Récemment exposée en solo au Muffathalle, en Allemagne, après avoir séduit le public du MUTEK, du Sónar ou du Tribeca Festival, l’artiste sino-canadienne Sougwen Chung ne cesse de séduire grâce à une pratique hybride basée sur l’usage de la technologie.
Formée aux Beaux-Arts de Bloomington, aux États-Unis, avant d’évoluer au sein de grandes institutions comme le MIT Media Lab, Sougwen Chung, 39 ans, a rapidement développé un travail en collaboration avec des systèmes robotiques et des algorithmes d’intelligence artificielle. Les artistes n’étant pas tenus à une rigueur scientifique, contrairement aux physiciens, cette pratique unique lui permet non seulement d’explorer des terrains inconnus, mais ouvre également une réflexion plus large sur l’interaction entre l’artiste, l’outil technologique et la main humaine. Une manière somme toute subtile de questionner la place de l’intuition dans un monde de plus en plus mécanisé.
D’égal à égal
Dès ses premières œuvres, au mitan des années 2000, Sougwen Chung introduit le concept de co-création avec la machine. À l’instar d’un grand nombre d’artistes de sa génération, celle qui vit aujourd’hui à Londres, où il a fondé le studio SCILICET, ne considère pas la technologie comme un simple outil, mais comme un véritable collaborateur créatif. Ses robots, appelés D.O.U.G (Drawing Operations Unit Generation), ne sont donc pas des assistants automatisés : au contraire, ils sont intégrés à un processus itératif où l’artiste et la machine se répondent mutuellement, en temps réel. À chaque mouvement du pinceau de Chung, les robots dessinent, suivant des modèles d’apprentissage basés sur ses propres gestes artistiques antérieurs. Cette symbiose entre l’organique et le mécanique est fascinante : elle induit l’idée d’une forme de mémoire collective entre l’humain et l’IA.

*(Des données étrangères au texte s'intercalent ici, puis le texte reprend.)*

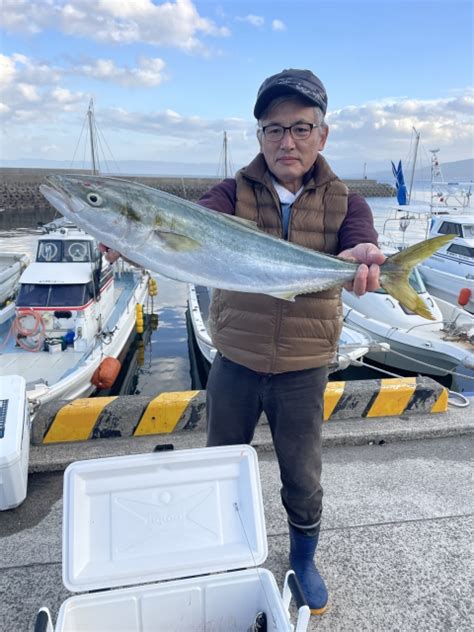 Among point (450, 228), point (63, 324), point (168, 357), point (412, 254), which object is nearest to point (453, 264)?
point (450, 228)

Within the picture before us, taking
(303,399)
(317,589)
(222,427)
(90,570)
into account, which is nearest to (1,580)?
(90,570)

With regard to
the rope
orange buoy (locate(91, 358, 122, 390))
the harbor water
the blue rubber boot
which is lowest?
the harbor water

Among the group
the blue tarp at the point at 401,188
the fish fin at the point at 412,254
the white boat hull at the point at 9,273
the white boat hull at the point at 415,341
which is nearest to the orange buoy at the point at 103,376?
the white boat hull at the point at 415,341

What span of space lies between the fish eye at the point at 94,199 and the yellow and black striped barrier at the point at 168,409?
2685mm

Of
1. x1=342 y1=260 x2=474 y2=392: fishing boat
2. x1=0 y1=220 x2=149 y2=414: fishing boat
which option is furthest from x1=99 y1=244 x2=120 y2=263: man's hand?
x1=342 y1=260 x2=474 y2=392: fishing boat

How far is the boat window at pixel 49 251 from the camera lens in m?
10.9

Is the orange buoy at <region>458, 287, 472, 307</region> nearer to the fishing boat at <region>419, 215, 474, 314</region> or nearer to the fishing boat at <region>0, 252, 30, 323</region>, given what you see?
the fishing boat at <region>419, 215, 474, 314</region>

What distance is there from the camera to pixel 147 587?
6.86ft

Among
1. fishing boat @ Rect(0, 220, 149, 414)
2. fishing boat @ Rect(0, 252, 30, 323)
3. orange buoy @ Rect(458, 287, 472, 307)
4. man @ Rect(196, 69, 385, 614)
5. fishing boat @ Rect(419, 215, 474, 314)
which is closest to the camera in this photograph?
man @ Rect(196, 69, 385, 614)

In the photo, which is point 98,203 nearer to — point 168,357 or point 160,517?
point 160,517

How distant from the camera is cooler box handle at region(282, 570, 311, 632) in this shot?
6.01 feet

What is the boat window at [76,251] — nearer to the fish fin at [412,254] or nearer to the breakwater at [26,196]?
the fish fin at [412,254]

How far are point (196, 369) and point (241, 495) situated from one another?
10172 mm

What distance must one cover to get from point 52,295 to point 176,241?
8.51m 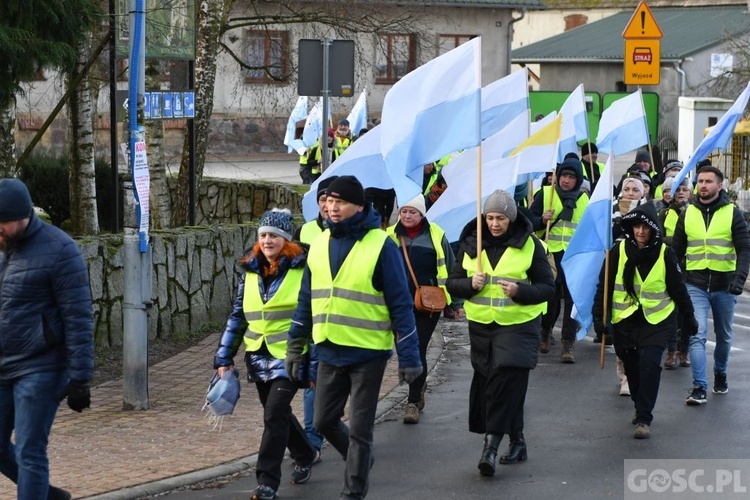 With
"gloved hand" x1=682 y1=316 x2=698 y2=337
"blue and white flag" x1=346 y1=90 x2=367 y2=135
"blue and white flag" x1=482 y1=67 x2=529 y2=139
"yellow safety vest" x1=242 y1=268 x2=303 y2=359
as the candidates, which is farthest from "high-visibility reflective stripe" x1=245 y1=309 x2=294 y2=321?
"blue and white flag" x1=346 y1=90 x2=367 y2=135

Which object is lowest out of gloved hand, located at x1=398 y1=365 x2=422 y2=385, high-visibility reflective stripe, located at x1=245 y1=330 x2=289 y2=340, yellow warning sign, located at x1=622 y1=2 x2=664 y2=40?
gloved hand, located at x1=398 y1=365 x2=422 y2=385

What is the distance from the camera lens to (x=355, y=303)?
267 inches

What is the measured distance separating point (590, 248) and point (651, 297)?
1.27m

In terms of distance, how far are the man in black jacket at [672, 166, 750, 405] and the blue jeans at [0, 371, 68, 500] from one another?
5.51 metres

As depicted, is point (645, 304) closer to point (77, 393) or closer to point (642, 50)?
point (77, 393)

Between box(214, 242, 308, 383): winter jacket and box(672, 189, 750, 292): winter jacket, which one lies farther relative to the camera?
box(672, 189, 750, 292): winter jacket

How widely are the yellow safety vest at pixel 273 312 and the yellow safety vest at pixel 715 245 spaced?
4151 mm

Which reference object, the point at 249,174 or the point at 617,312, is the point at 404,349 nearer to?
the point at 617,312

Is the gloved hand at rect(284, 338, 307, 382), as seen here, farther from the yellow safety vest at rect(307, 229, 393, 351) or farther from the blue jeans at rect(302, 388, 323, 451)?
the blue jeans at rect(302, 388, 323, 451)

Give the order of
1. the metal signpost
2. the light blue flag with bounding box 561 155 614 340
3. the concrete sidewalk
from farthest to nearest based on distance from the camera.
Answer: the metal signpost
the light blue flag with bounding box 561 155 614 340
the concrete sidewalk

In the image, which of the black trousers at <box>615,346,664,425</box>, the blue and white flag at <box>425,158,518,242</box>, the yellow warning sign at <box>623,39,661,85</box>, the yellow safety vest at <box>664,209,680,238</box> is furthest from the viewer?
the yellow warning sign at <box>623,39,661,85</box>

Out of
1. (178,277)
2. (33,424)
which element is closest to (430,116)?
(33,424)

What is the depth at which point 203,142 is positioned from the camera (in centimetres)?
1708

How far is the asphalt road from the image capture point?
7516mm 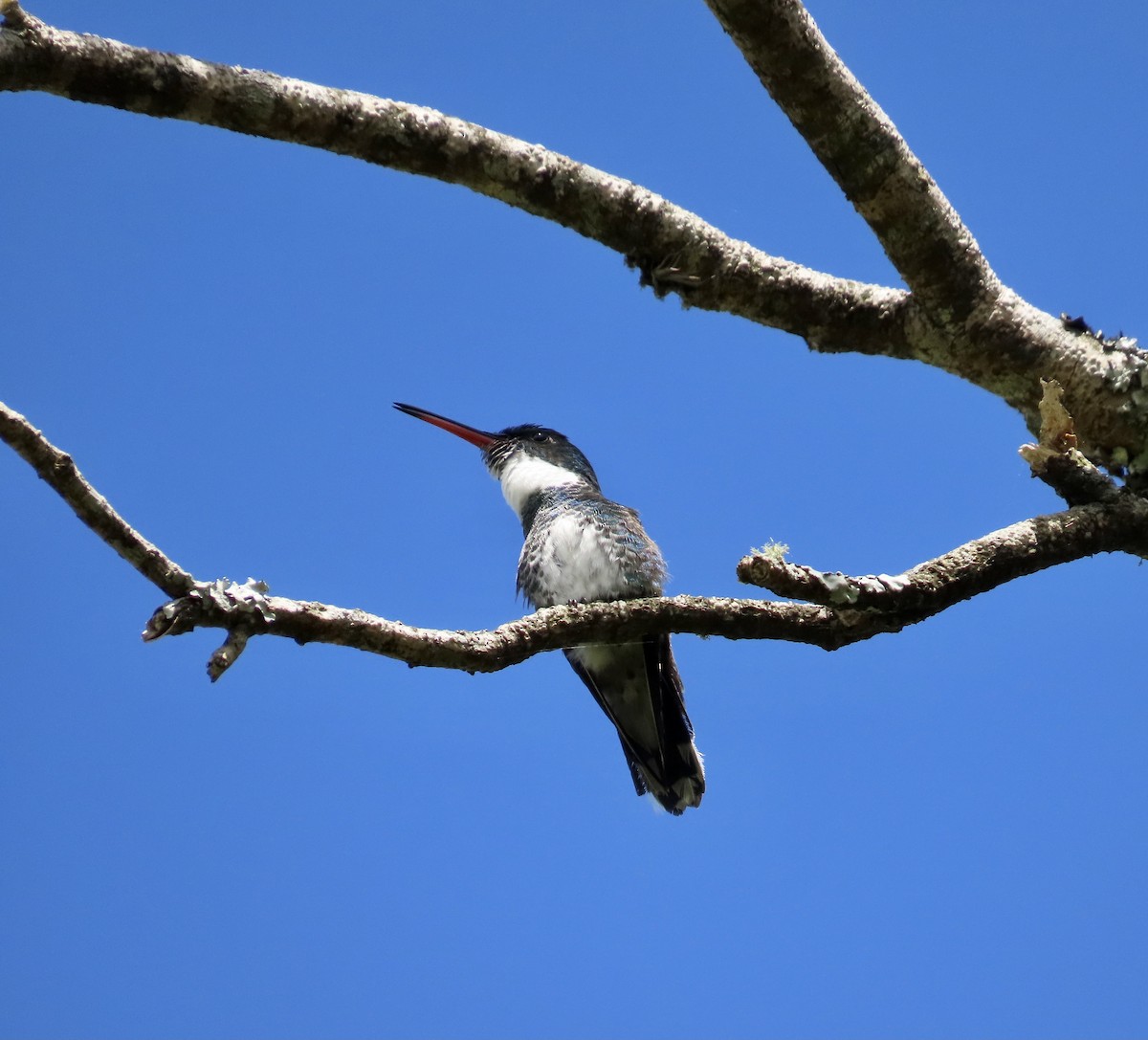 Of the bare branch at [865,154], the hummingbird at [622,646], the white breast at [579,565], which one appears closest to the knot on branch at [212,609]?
the bare branch at [865,154]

Largement opposés, la nature et la technologie se rejoignent en harmonie dans la pratique de Sougwen Chung, née d’une certaine fascination pour les liens entre les systèmes biologiques et artificiels. Souvent décrits comme organiques, les mouvements de ses machines rappellent ainsi les interactions complexes observées dans la nature, comme celles des essaims d’oiseaux ou des flux d’informations neuronales. Fascinante, cette inspiration bio-informatique renforce l’impression que son art est vivant, évoluant à chaque instant en fonction de ses interactions avec les algorithmes. Quant aux œuvres de Sougwen Chung, elles incarnent une philosophie où la collaboration homme-machine n’est pas une menace, mais une opportunité de découvrir de nouvelles formes d’expression.
Une vision utopique rafraîchissante
Une véritable réflexion sur la relation entre l’art, la technologie et le futur de la créativité humaine s’installe alors. Lorsque Sougwen Chung s’exprime sur son travail, l’artiste évoque d’ailleurs un avenir où les machines ne remplacent pas les artistes, mais les accompagnent dans une exploration nouvelle des possibles créatifs, main dans la main. « La machine apprend de nous, tout comme nous apprenons d’elle » résume-t-elle dans les colonnes de Maddyness. En ce sens, elle propose une vision optimiste et collaborative de l’IA, loin des craintes dystopiques souvent véhiculées, et ose se jouer d’une interrogation qui obsède l’époque : jusqu’où ira cette co-création ? Peut-être est-ce justement cette question, et non la réponse, qui fait de son art un témoignage essentiel de notre époque.